The Kenya Commercial Bank (KCB) has revealed that it was the victim of a Sh2 billion fraud attempt on its banking system in 2020, at the height of the Covid-19 pandemic.
The bank made public the incident on Thursday through its sustainability report which put the number of prevented cyberattacks at 3,624 and other attempted fraud cases at 663.
The bank did not disclose whether the attempted Sh2 billion heist was instigated by local or foreign hackers.
“In 2020, the Group successfully prevented a theft of Sh2 billion, in attempted fraud, thanks to our robust cybersecurity systems,” KCB said without providing much detail on the arrest or legal action over the heist.

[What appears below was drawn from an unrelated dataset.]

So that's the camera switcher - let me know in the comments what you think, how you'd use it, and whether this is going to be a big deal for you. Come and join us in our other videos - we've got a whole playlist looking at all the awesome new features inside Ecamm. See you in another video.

Kenya has seen a rise in cybercrime and online fraud partly due to a vibrant mobile money system driven by the digital economy. Mobile and internet banking have particularly become popular, exposing thousands of users to fraud and phishing attacks.

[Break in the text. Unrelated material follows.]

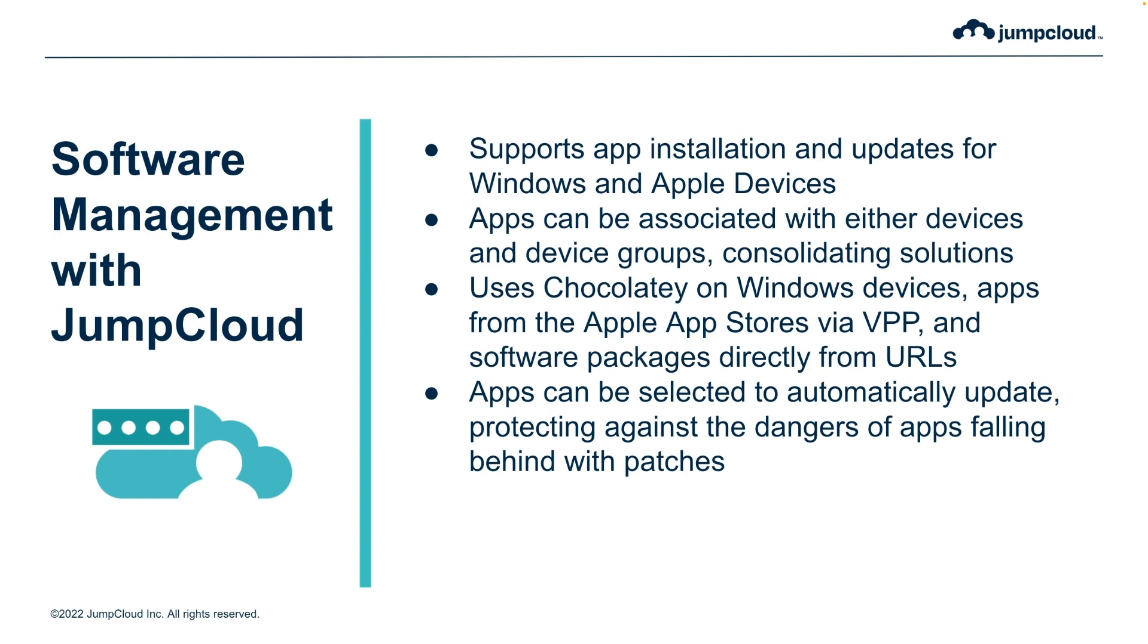Apps can be assigned to devices and device groups, bringing software management and cloud directory under one umbrella. Apps can be deployed via Chocolatey on Windows devices, through the iOS and Mac app stores, or via software package URLs for Apple devices.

Data from the Central Bank shows a 52 percent rise in Kenya’s mobile money transactions to Sh3.26 trillion in the first half of the year.
Phishing occurs when criminals circulate ads promising rewards such as free airtime, money, prizes and other products. When you click on the ad, you are redirected to counterfeit websites where your personal data is collected and used to steal cash.
According to KCB, a directive from the Atyorney General requiring companies to update their beneficial ownership re-register has proved helpful in tracking real time payments and flagging suspicious transactions.
“In line with this development the Group moved to strengthen its internal Know Your Customer (KYC) procedures. Combined with our robust cybersecurity systems, we were able to flag and prevent suspicious or fraudulent transactions faster,” KCB Group said.
Early this year, 12 people among them eight Kenyans were jailed after they were found guilty of cybercrime in Rwanda. The twelve were accused of hacking and stealing cash from the bank.
The twelve, also comprising three Rwandans and One Ugandan have been jailed for eight years. The group fell into the hands of the Rwandan Investigation Bureau in October 2019 after they attempted to hack Equity Bank’s systems to steal money.